Devant : L’honorable juge Gerald J. Rip

Comparutions :

Représentant de l’appelante :

M. John Hamilton

Avocat de l’intimée :

MZachary Froese

 

JUGEMENT

 

          L’appel interjeté à l’encontre de la cotisation établie au titre de la Loi de l’impôt sur le revenu pour l’année d’imposition 2003 est rejeté.

 

Signé à Ottawa, Canada, ce 19jour de mars 2015.

« Gerald J. Rip »

Juge Rip

Traduction certifiée conforme

ce 25e jour de mai 2015.

 

Marie-Christine Gervais, traductrice


 

Référence : 2015 CCI 66

Date : 20150319

Dossier : 2014-3116(IT)I

ENTRE :

 

LA SUCCESSION DE LA DÉFUNTE

HELEN BOULDIN BALANKO,

appelante,

et

SA MAJESTÉ LA REINE,

intimée.

 

[TRADUCTION FRANÇAISE OFFICIELLE]


MOTIFS DU JUGEMENT

Le juge Rip

[1]             Les fiduciaires de la succession de la défunte Helen Bouldin Balanko interjettent appel à l’encontre d’une cotisation d’impôt sur le revenu établie pour l’année 2003, en date du 8 avril 2013, afin d’être autorisés à désigner à titre de résidence principale l’ancien bien de Mme Balanko à Whistler, en Colombie‑Britannique (le « bien de Whistler »)[1].

[2]             Mme Balanko est décédée en 2005. Le bien de Whistler a été vendu en 2003, mais après qu’elle eut transféré le bien à son époux en 1991. Le gain tiré de la vente du bien lui a été attribué.

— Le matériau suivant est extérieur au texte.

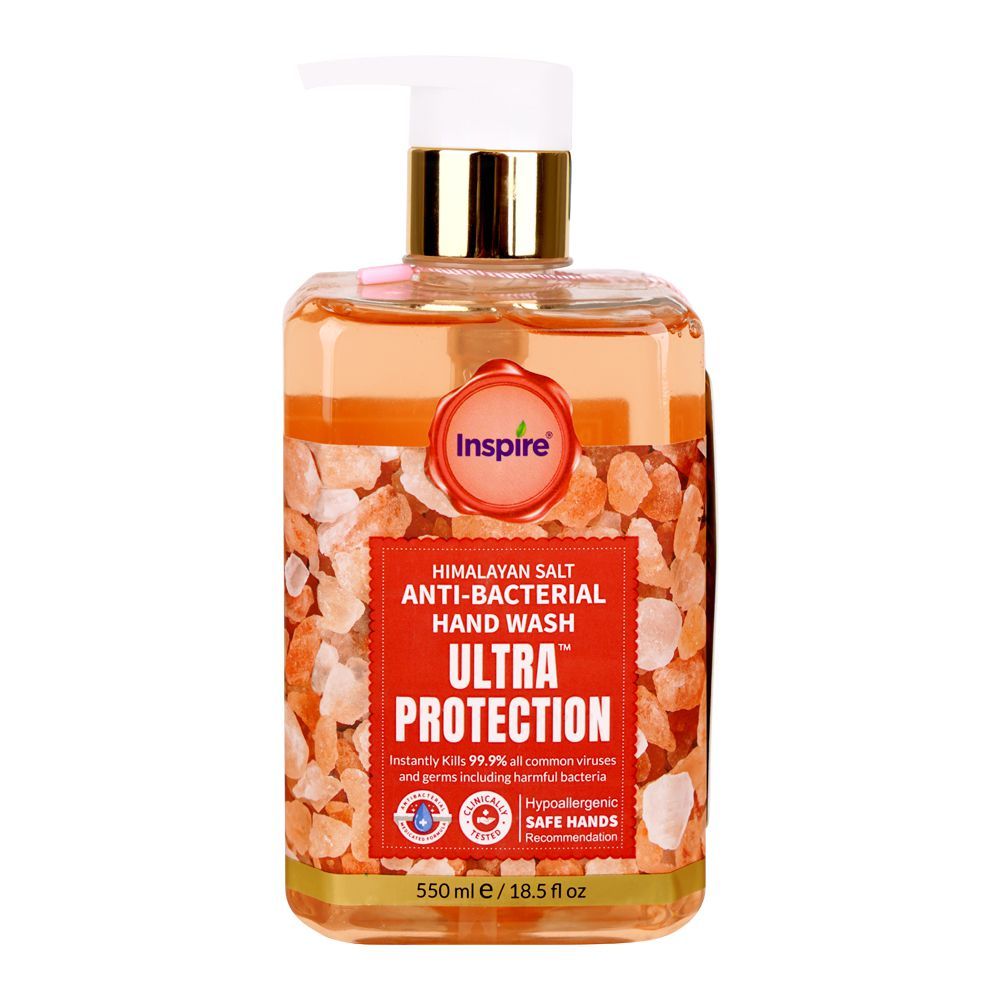 Inspire Himalayan Salt Anti-Bacterial Hand Wash, 550ml - Front View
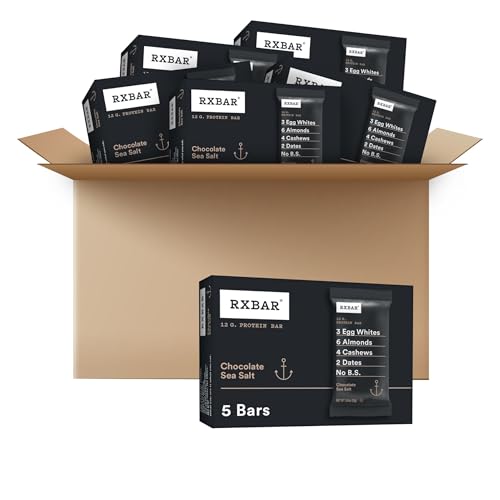 RXBAR Protein Bars, 12g Protein, Gluten Free Snacks, Chocolate Sea Salt (6 Boxes, 30 Bars)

Dans sa déclaration de revenus pour 2003, elle n’a pas déclaré que le bien de Whistler était sa résidence principale.

[3]             Le ministre du Revenu national (le « ministre ») a refusé de désigner le bien de Whistler comme étant la résidence principale de Mme Balanko parce que [traduction] « un autre membre de l’unité familiale avait désigné un autre bien à titre de résidence principale pour la période visée ». L’autre membre de l’unité familiale était le Dr Balanko, l’époux de Mme Balanko.

[4]             L’appelante a témoigné que Mme Balanko était séparée de son époux depuis 1983 aux termes d’un accord écrit de séparation et que le Dr Balanko, dentiste, et elle, vivaient séparément. Ainsi, aucun autre membre de l’unité familiale n’avait fait une désignation de résidence principale au cours de la période pertinente.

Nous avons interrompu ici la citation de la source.